Non a caso, subito dopo, Guerini ha telefonato al suo omologo iracheno Al Shammari per ricevere le sue valutazioni sulla situazione e sugli attacchi della notte. E avvertire: «In questo momento è indispensabile agire con moderazione e prudenza. Ogni possibile soluzione sarà affrontata insieme alla coalizione, con un approccio flessibile, anche per non vanificare gli sforzi fino ad oggi profusi», ha detto il nostro ministro della Difesa ad Al Shammari. Dove la frase chiave è «approccio flessibile»: se la situazione dovesse precipitare verrà meno la volontà del governo italiano di restare in Iraq.

IL RUOLO DEL QUIRINALE
In campo anche Mattarella che dopo aver ricevuto Conte in tarda mattinata, si è detto «preoccupato per la sicurezza dei nostri soldati». E ha fatto sapere di essere «in stretto contatto con il governo», auspicando appunto «che non ci sia un'ulteriore escalation militare».

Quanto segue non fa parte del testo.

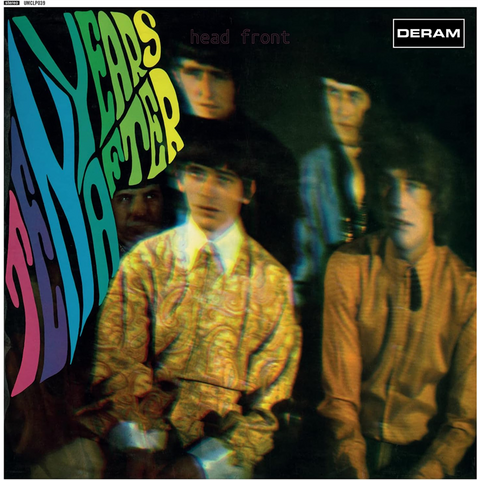 TEN YEARS AFTER - TEN YEARS AFTER (LP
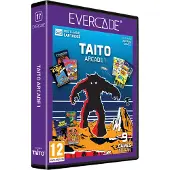 Cartridge - TAITO Arcade 1 - 9 games
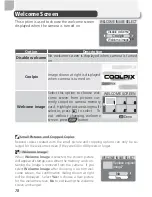 Предварительный просмотр 88 страницы Nikon 2100 - Coolpix Digital Camera Manual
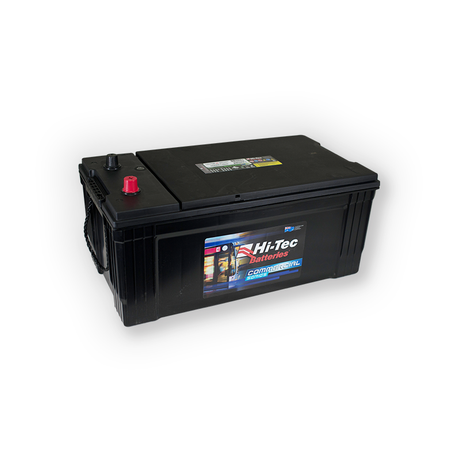 Deep Cycle Battery DCN200/ N200 12V 210AH / 1000CCA - Hi-Tech Batteries | Universal Auto Spares
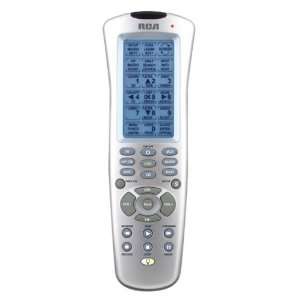 RCA RCU900 8 Device LCD Touch Screen Learning Universal Remote Control 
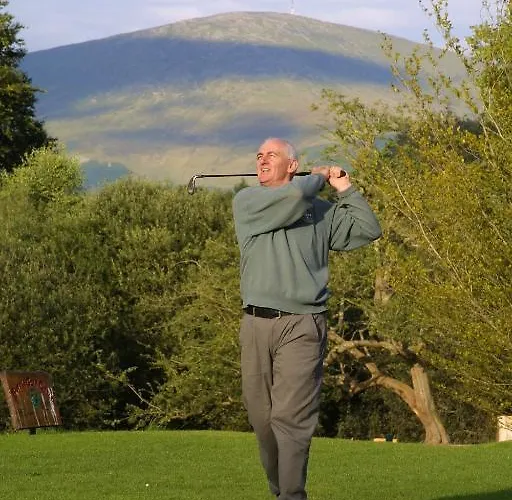 Bed & Breakfast Brandon View House Graiguenamanagh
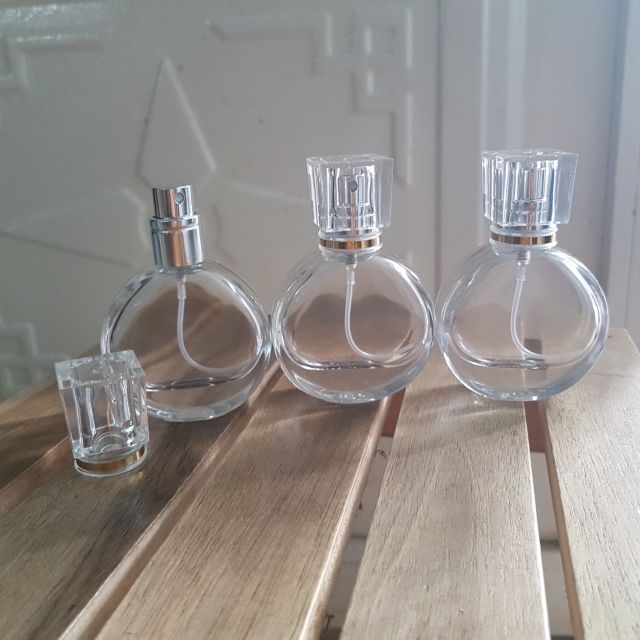Lọ chiết nước hoa 30ml , Vỏ chai chiết | Thế Giới Skin Care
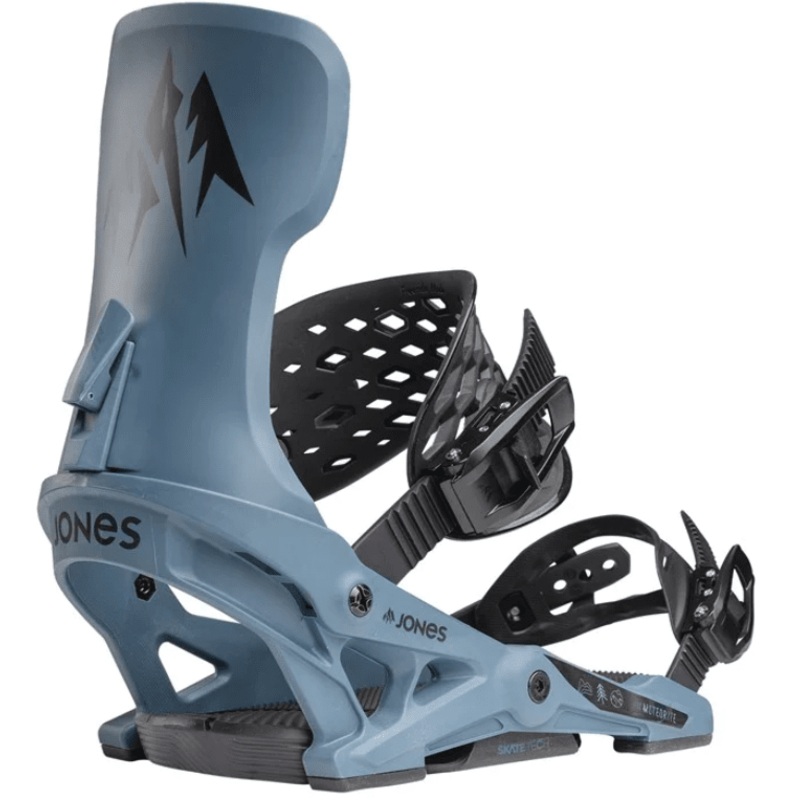 Jones Men’s Meteorite Blue Snowboard Bindings 2025 Blue L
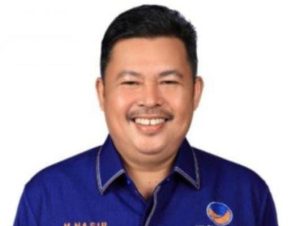Nasir Bakal Maju Pada Pilkada Pesawaran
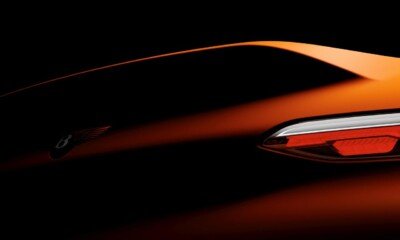 Bentley Mulliner Teaser -2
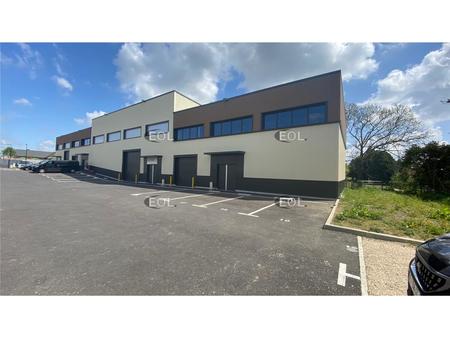 location d'entrepôt de 255 m² à marcoussis - 91460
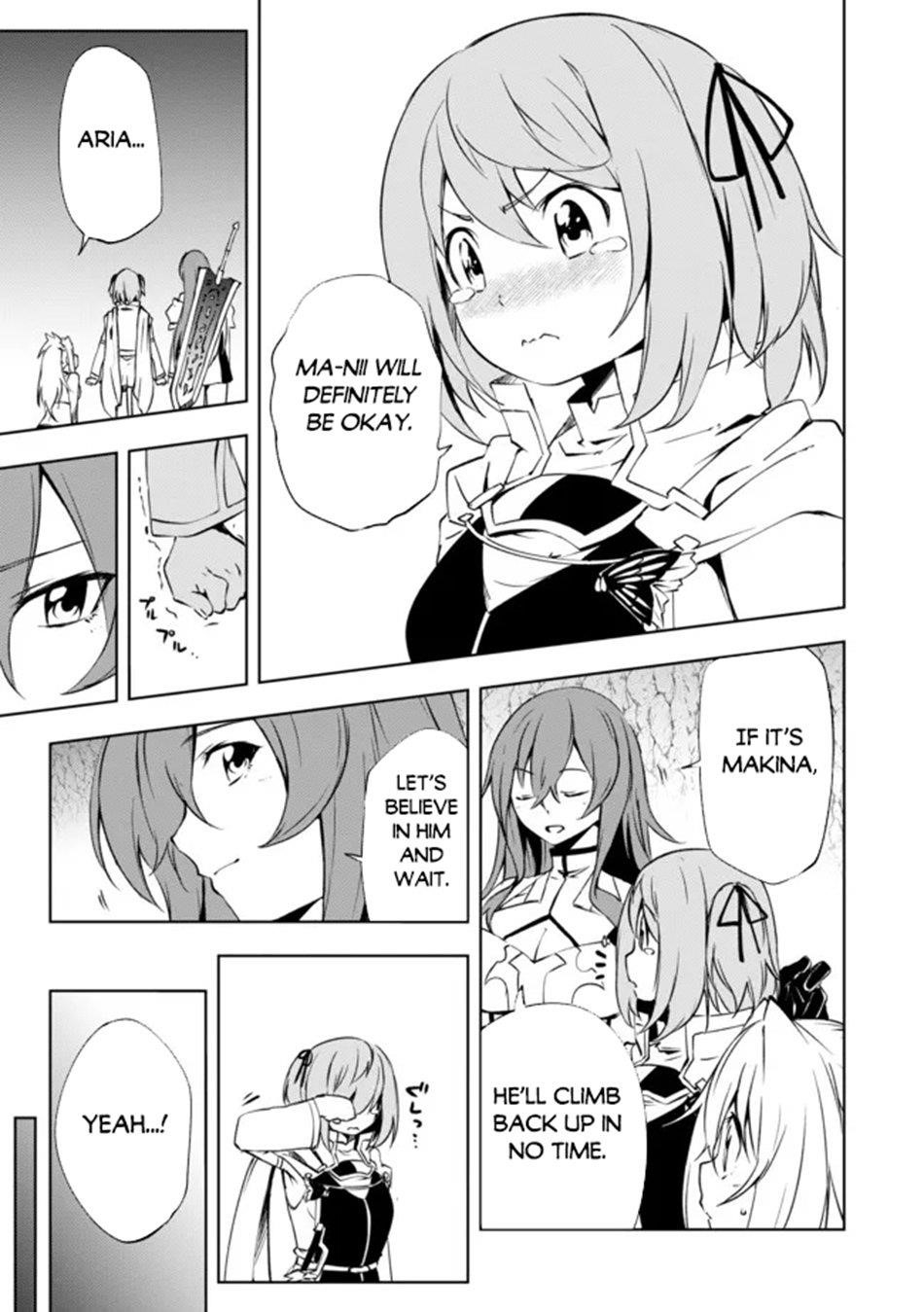 “Jako ni wa Kaji ga Oniaida www” to Iwareta Kaji Level 9999 no Ore, Tsuihousareta no de Boukensha ni Tenshoku suru – Saikyou de Musou Shinagara Guild de Tanoshiku Kurashimasu Chapter 15 - Page 6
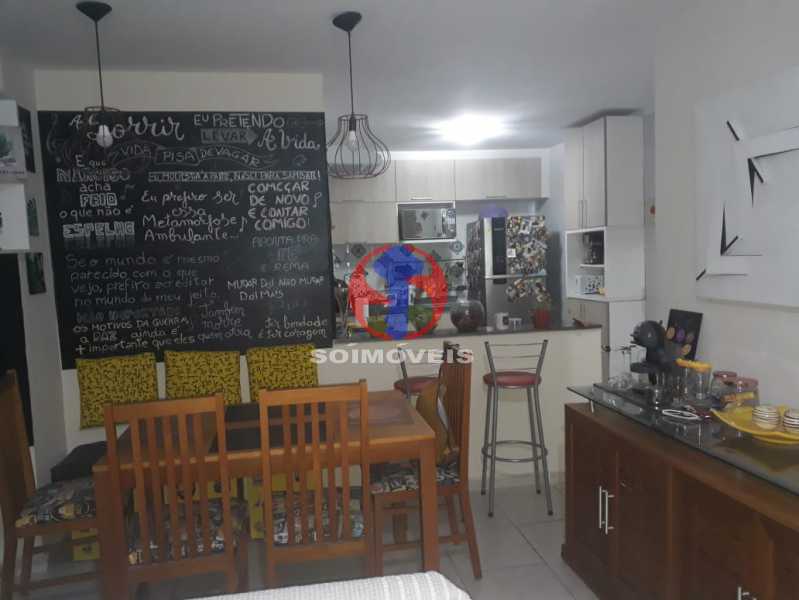 Conheça imagem10 do imóvel - Casa em Condomínio 2 quartos à venda Piedade, Rio de Janeiro - R$ 285.000 - TJCN20009 - 10 imagem10 - Casa em Condomínio 2 quartos à venda Piedade, Rio de Janeiro - R$ 285.000 - TJCN20009 - 10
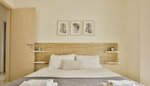 Улучшенные апартаменты (A2, 1st Floor) в Nautilus Apartments Airport by Airstay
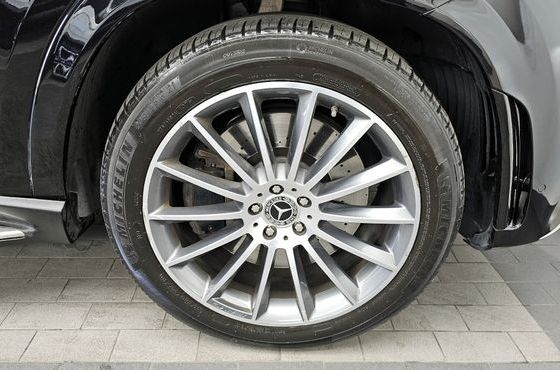 Mercedes-Benz GLE-Class GLE400d 4MATIC Coupe — пробег 86 459 км — фото 5 из 5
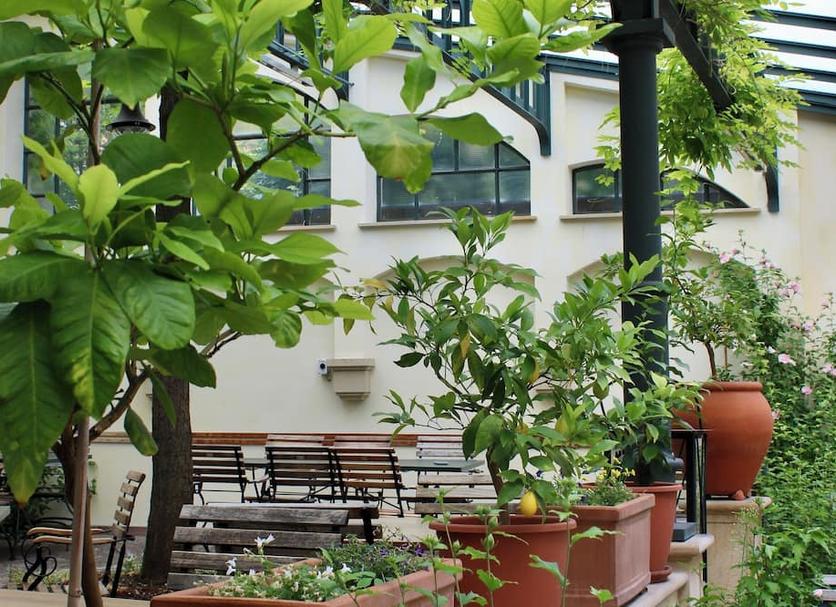 Widok na zewnątrz Zdjęcie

In più Conte, proprio su consiglio del Quirinale, vista la delicatezza della situazione ha deciso di coinvolgere l'opposizione (cosa che non è però piaciuta a Luigi Di Maio). E ha convocato per domani mattina a palazzo Chigi un vertice bipartisan tra capigruppo parlamentari «per discutere delle missioni militari nell'area mediorientale, dopo l'escalation in Iraq» e per fare il punto sulla crisi libica». «Durante l'incontro», viene spiegato, «il presidente del Consiglio svolgerà un informativa e cercherà di sollecitare un senso di responsabilità e un sostegno di tutto l'arco parlamentare ai nostri militari impegnati in Iraq, Libia e Libano».
Poi, dopo che da Berlino è rimbalzata le notizia che Angela Merkel valuta «un ritiro parziale» dei propri soldati presenti in Iraq «deciso insieme agli alleati» e che Spagna e Slovenia hanno seguito l'esempio tedesco, dalla Difesa e da palazzo Chigi è arrivato lo stop a qualsiasi ipotesi di disimpegno. Anche sullo teatro libico. Almeno per ora.